__Your task__.
A precise copy of the data is required, with every picture left out.

** Opening Entries shown block **

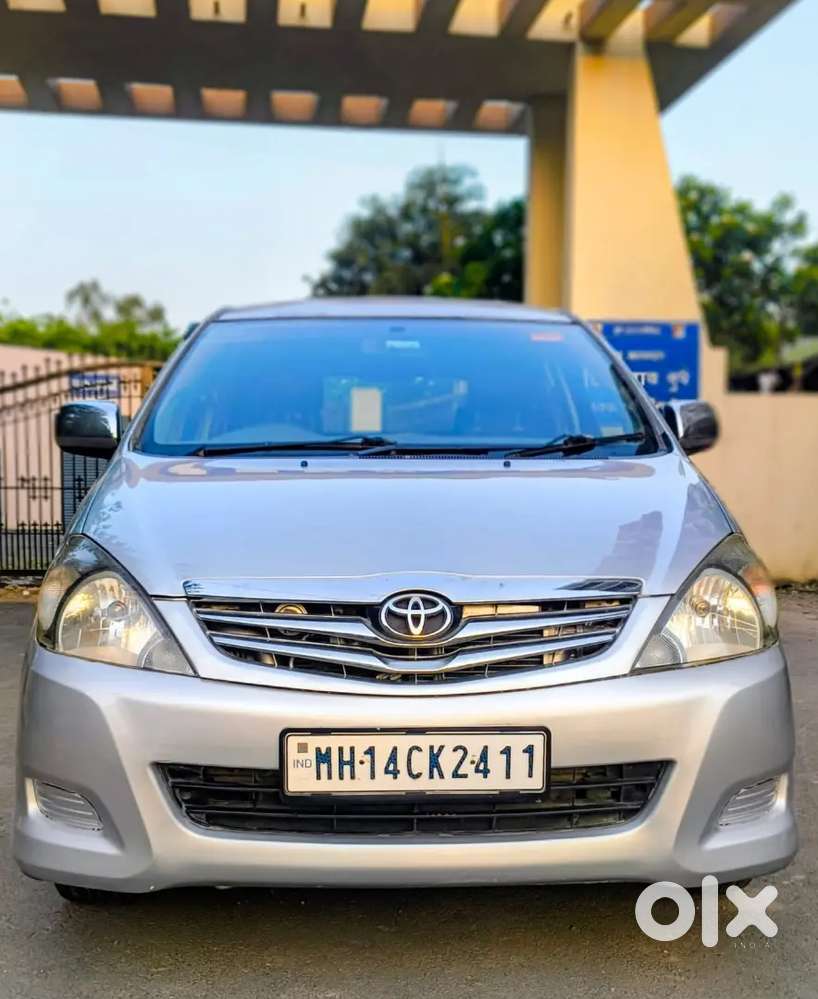 Innova V Top Model Diesel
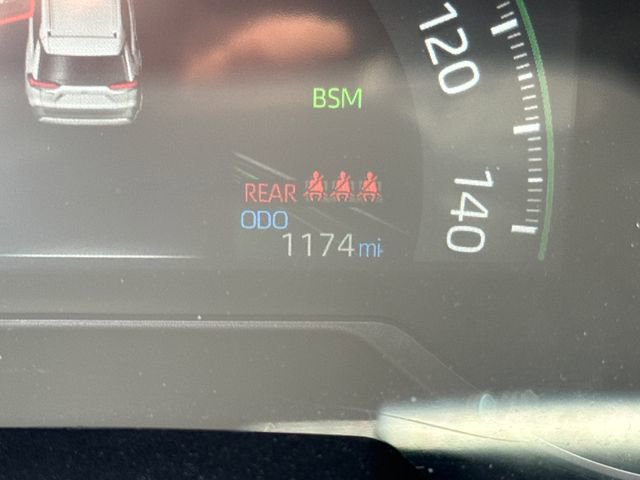 Used 2025 Toyota RAV4 XLE w/ Convenience Package image 24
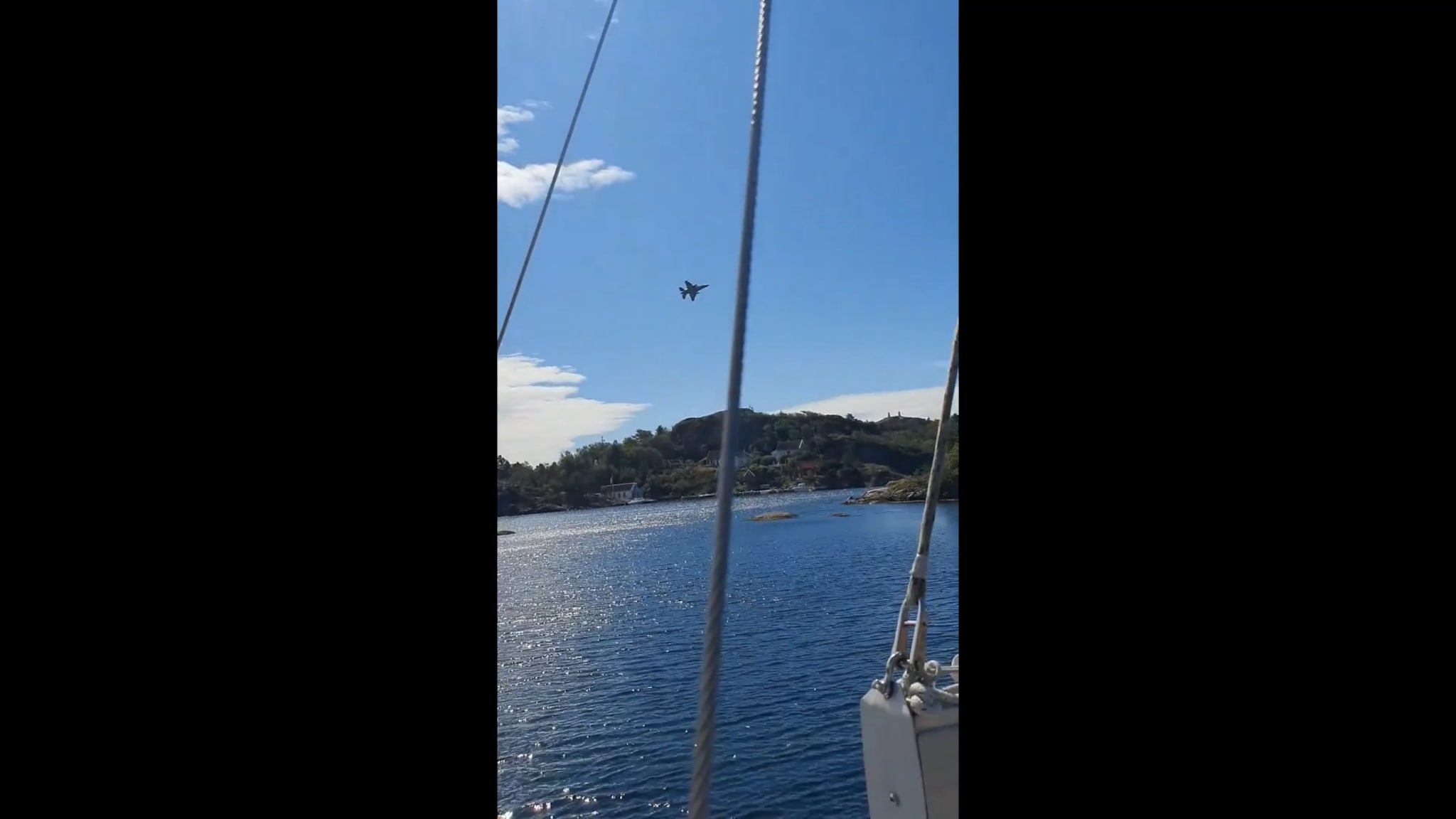 F 16 over Ny Hellesund-ny.mp4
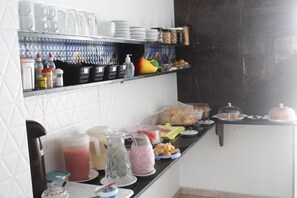 包含每日自助早餐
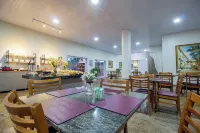 Hotel Dan Inn Barretos by Nacional Inn - breakfast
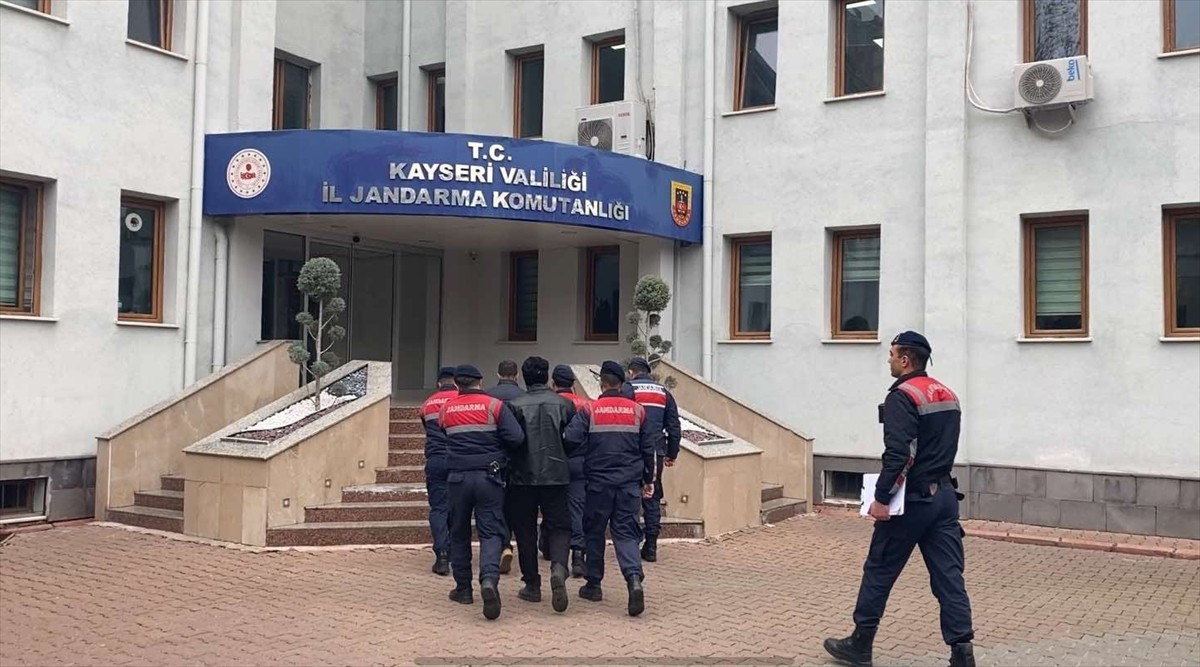 Kayseri'de terör örgütü DEAŞ'a yönelik operasyonda yabancı uyruklu 2 şüpheli gözaltına...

** Closing Entries shown block **

__Exercise answer__.
 Innova V Top Model Diesel
 Used 2025 Toyota RAV4 XLE w/ Convenience Package image 24
 F 16 over Ny Hellesund-ny.mp4
 包含每日自助早餐
 Hotel Dan Inn Barretos by Nacional Inn - breakfast
 Kayseri'de terör örgütü DEAŞ'a yönelik operasyonda yabancı uyruklu 2 şüpheli gözaltına...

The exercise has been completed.